Wealth of knowledge: Sharing home energy tips may lower utility bills

Would you be more willing to improve your home energy efficiency if you knew that your neighbors could see the price of your energy bill each month? An energy company in Ohio is hoping that its users will make smarter decisions about their energy use if they are made aware of the energy habits of other homeowners in their community.

Duke Energy will be sending a "My Home Energy Report" to 240,000 of its customers in Ohio. In each report, homeowners will be able to see the most energy-efficient homes in certain clusters of homes with similar sizes, locations and ages, along with average energy consumption figures.

The program, which has been in effect for one year, has saved participating homeowners an average of $20 in annual energy costs – a 2 percent decrease. While this figure may not seem substantial, the company is hopeful that as more homeowners institute energy improvements, a crowding effect will take over, compelling more residents to adopt energy-efficient processes.

"We know neighbors talk and compare their bills," Duke Energy vice president of retail customer products and services Mark Wyatt said in a press release. "By showing customers how their actual energy usage compares to their neighbors, we believe they'll make changes to be more efficient and, most importantly, save money."

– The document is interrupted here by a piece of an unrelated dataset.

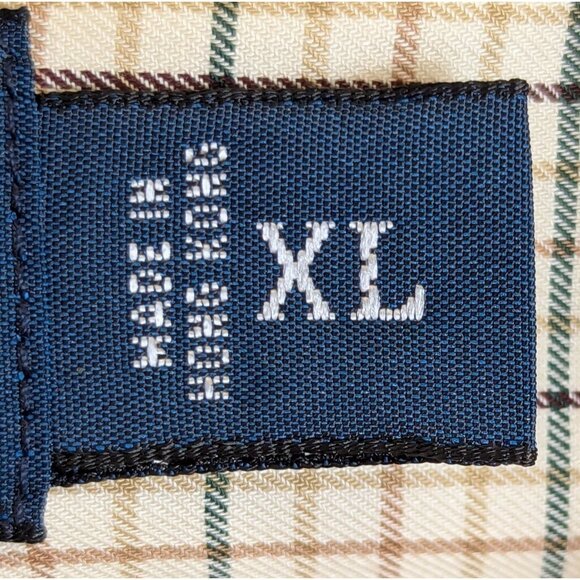 Ralph Lauren Men size XL Plaid Button Up Shirt Suede Elbow Patches Equestrian - Picture 10 of 16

Homeowners who work together to achieve home energy efficiency can share tips that have worked for them. In the Tri-State area, a Washington, D.C. home inspector with experience conducting energy audits could be utilized by entire neighborhoods to suggest areas where homeowners can improve. Neighbors all confront the same issues related to home maintenance – weather patterns, natural disasters and public policies – so they may collaborate to achieve energy efficiency.